Does MBYM mean you have to do the whole thing yourself, or only start the mitzva yourself?
- The Pri Megadim on the Magen Avraham 432 SK 5 that says that מצוה בו יותר מבשלוחו applies to Bedikas Chametz says that if you start by yourself, you can delegate the rest of the house, and it's not a problem. What matters is that you started by yourself. This is really self evident, inasmuch as the Gemara in Kiddushin and Shabbos don't say that you have to make the whole Shabbos yourself. It just says that you should do one of the initial steps of preparation- singeing the skin, salting the fish, etc.
If you did use a Shliach, can you fix things later?
- The Bendiner Illui, in his Gilyonei Hashas in Kiddushin 41, brings that there is a minhag that if you're mekadeish with a shliach, then when the woman shows up, to be mekadeish her yourself. Some say it's a meaningless minhag, but he explains it's like Hekdesh Illui miderabanan where your aris was mafrish teruma. I would shtell tzu the mitzva to be makdish the bechor even though it's kadosh mei'rechem (Erchin 28b-29a) where it's clearer.

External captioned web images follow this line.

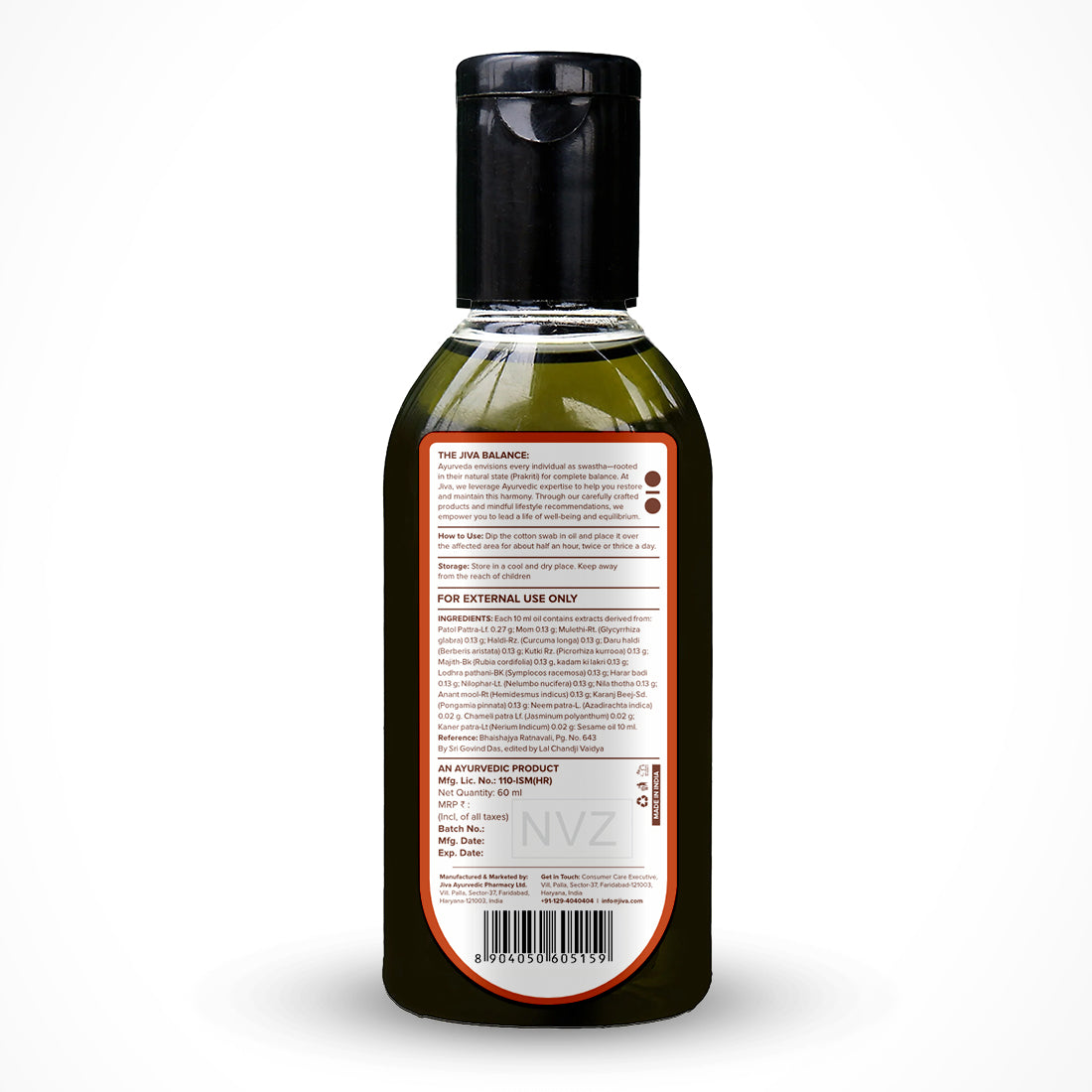 Jatyadi Oil | Heals Wounds & Stops Bleeding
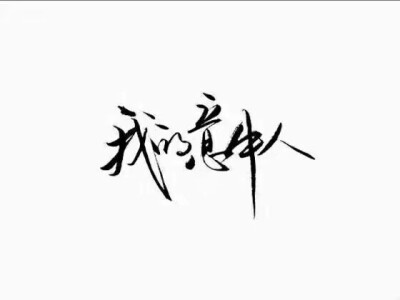 潑墨字 帶字背景 手寫 白紙黑字
by.不辭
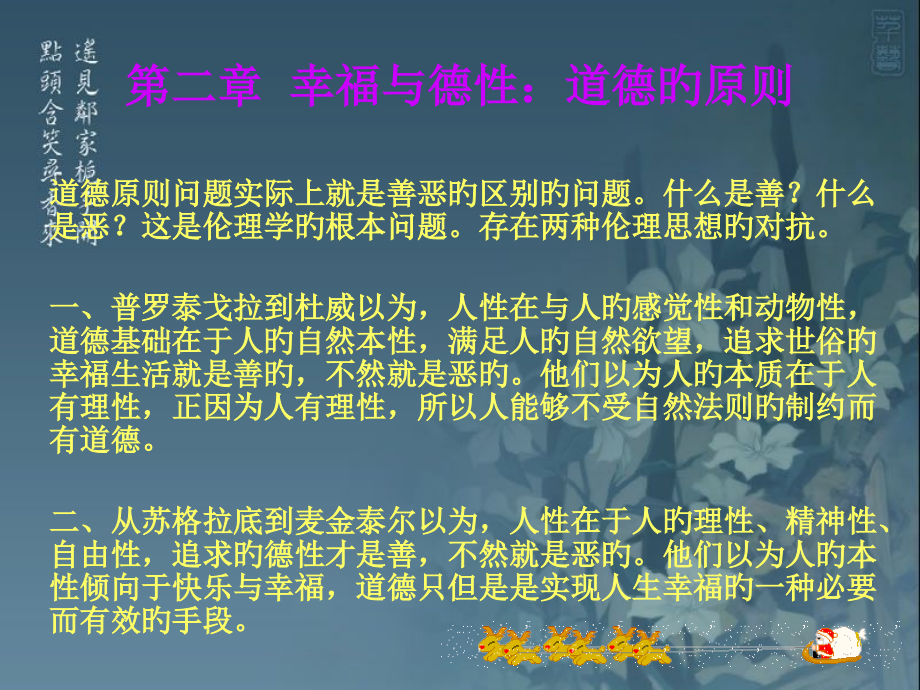 幸福与德行专题培训.pptx_第2页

Does it apply to Hechsher mitzva?
- Magen Avraham in 453 says that because of מצוה בו יותר מבשלוחו some people go to see the grinding of their Matza, even though it's only a hechsher.
- The Netziv in Sheiltos 169 says that for a general hechsher, there's no din of מצוה בו יותר מבשלוחו. But if the Hechsher is mentioned in the Torah, then there is a din of מצוה בו יותר מבשלוחו. Examples- building the sukkah, the Shimur of Matza, and making Tzitzis.
- Pnei Yeshoshua in Brachos 18 says clearly that there's no din of מצוה בו יותר מבשלוחו on Hechsher mitzva, like digging a grave.
- But a careful reading of the Ran in Kiddushin 41 and the Yam shel Shlomo there shows that they hold that MBYM does apply to Hechsher Mitzvah.
- Maybe the din of מצוה בו יותר מבשלוחו is based on הידור.
- Maybe not. Maybe it's just a svara, as Rashi there indicates, about greater schar.
- If it is, then maybe it should be talui in the machlokes Rashi and Tosfos in the beginning of Lulav Hagazul in Sukka 29b, whether the psul gamur of yaveish is based on the general din of hiddur (Rashi), that every mitzvah that is totally lacking hiddur is 100% passul, or on a specific requirement of hiddur by esrog and therefore by lulav (Tosfos), because ve'anveihu can't possibly result in a psul gamur. This might also yield an explanation of the Rambam, if delegating some mitzvos results in an absolute lack of hiddur.
What is more important, מצוה בו יותר מבשלוחו or הידור מצוה?
- The Chayei Adam in 68 talks about whether better to write a Sefer Torah or Mezuza or Tefillin by yourself kosher but poorly, or hire an expert Sofer who will write with Hiddur. He paskens that מצוה בו יותר מבשלוחו is more important than הידור מצוה, which is obviously not the opinion of the Aruch Hashulchan in 250:3 that I mentioned above.